Verwunderlich ist dabei, weshalb die CNIL davon ausgeht, dass eine Übertragung der IP-Adressen in die USA geschieht. Es wird nicht dargelegt, ob bei den beanstandeten Seiten die für Google Analytics genutzten Webserver in der EU oder in den USA standen.
Wir fassen zusammen: Die CNIL hält es eine Re-Identifizierung für möglich, weil die IP-Adresse in die USA übermittelt und zudem zahlreiche Informationen über das Endgerät der jeweiligen Nutzerin übertragen werden. Was genau das mit HTTPS zu tun haben soll, bleibt das Geheimnis der CNIL, so richtig sinnvoll klingt das für mich nicht.
Freundlicherweise hat die CNIL noch eine FAQ zu Google Analytics veröffentlicht. Dort wird unter anderem die Frage gestellt, ob man Google Analytics so einstellen könne, dass keine personenbezogenen Daten außerhalb der EU übermittelt werden. Keine personenbezogene Daten, kein Drittstaatentransfers – clevere Frage. Die CNIL schreibt in der Antwort, das sei nicht möglich, da Google (vermutlich die Google Ireland, das bleibt offen) auf Nachfrage der CNIL mitgeteilt habe, dass alle über Analytics gesammelten Daten in die USA übermittelt würden.
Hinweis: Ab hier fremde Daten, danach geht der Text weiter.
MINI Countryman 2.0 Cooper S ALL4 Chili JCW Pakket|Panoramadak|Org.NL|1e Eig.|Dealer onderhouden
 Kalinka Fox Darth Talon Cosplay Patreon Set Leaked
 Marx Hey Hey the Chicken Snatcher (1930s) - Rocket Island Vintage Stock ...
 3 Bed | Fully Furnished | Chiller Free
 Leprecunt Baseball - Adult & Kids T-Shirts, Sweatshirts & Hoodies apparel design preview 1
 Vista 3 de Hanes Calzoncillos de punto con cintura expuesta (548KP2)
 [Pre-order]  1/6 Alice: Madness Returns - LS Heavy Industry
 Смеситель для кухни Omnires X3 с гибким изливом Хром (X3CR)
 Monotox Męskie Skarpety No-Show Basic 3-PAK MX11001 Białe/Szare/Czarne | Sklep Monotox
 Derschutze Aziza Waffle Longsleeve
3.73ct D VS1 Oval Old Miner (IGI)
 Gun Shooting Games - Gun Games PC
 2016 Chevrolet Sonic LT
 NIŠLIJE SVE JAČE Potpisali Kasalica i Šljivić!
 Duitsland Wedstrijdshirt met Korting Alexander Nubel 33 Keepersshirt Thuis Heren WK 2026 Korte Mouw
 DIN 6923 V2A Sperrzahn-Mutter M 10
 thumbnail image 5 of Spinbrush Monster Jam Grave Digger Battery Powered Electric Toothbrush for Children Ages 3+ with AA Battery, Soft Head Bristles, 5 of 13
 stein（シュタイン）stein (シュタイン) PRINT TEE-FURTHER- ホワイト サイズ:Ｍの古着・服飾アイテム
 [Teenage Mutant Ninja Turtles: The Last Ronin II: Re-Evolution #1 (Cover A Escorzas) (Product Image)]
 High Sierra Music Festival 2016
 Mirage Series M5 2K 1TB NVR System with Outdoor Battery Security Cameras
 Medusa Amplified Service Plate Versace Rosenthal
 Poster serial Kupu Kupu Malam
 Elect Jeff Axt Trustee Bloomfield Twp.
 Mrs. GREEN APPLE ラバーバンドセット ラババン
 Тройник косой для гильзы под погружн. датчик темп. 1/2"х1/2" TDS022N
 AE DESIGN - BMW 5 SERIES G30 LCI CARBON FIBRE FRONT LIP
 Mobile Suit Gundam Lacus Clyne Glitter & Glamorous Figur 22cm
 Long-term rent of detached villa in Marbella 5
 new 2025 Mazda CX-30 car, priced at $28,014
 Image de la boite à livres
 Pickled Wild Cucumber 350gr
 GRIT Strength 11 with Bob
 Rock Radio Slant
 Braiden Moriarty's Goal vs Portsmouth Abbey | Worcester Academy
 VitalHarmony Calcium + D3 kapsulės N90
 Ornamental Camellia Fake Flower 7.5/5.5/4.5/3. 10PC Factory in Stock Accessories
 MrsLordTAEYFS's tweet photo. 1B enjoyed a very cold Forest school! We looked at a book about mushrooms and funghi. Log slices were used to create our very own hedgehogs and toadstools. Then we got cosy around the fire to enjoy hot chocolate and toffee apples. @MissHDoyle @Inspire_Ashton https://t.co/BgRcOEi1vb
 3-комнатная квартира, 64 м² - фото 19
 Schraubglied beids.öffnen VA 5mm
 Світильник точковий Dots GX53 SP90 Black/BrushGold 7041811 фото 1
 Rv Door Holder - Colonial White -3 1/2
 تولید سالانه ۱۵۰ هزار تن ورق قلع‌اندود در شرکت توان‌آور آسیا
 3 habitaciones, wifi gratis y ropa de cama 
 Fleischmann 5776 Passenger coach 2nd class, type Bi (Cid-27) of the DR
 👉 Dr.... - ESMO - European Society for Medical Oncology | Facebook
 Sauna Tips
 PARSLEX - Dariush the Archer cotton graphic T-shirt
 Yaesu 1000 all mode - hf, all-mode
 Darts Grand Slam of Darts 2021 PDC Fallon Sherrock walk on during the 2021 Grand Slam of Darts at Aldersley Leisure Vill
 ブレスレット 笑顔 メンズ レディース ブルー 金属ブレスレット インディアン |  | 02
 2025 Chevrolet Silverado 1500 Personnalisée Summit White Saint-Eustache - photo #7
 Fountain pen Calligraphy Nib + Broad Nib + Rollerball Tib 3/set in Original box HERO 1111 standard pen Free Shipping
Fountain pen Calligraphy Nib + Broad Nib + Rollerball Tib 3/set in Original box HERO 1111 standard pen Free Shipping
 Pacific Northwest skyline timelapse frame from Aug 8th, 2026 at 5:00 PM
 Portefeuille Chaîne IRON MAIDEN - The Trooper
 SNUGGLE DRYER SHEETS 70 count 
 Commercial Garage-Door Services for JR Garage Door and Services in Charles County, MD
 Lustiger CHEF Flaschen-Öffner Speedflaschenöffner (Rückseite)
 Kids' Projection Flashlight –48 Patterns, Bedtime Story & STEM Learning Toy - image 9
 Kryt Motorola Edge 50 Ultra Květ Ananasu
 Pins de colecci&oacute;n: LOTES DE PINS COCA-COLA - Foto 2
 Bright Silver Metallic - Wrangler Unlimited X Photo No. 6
Personenbezogene Daten werden also immer übermittelt, so die CNIL. Okay, nächster Versuch: “Kann ich Google Analytics so einstellen, dass nur anonyme Daten in die USA übertragen werden”? Und da teilt die CNIL dann mit, dass sie nicht weiß, ob die durchgeführte Anonymisierung der IP-Adressen vor der Übertragung in die USA erfolgt oder danach.
Das große Manko bei Google Analytics ist also laut CNIL, dass die IP-Adressen in die USA übermittelt werden, obwohl die CNIL das gar nicht sicher weiß? Mega. Dennoch hat die französische Aufsichtsbehörde die Verwendung von Google Analytics auf Basis dieses unklaren Sachverhalts untersagt. Gut, dass die CNIL daneben eine Liste mit anderen Messtools veröffentlicht – bei der allerdings noch nicht geprüft wurde, wie es da mit den Drittstaatentransfers aussieht.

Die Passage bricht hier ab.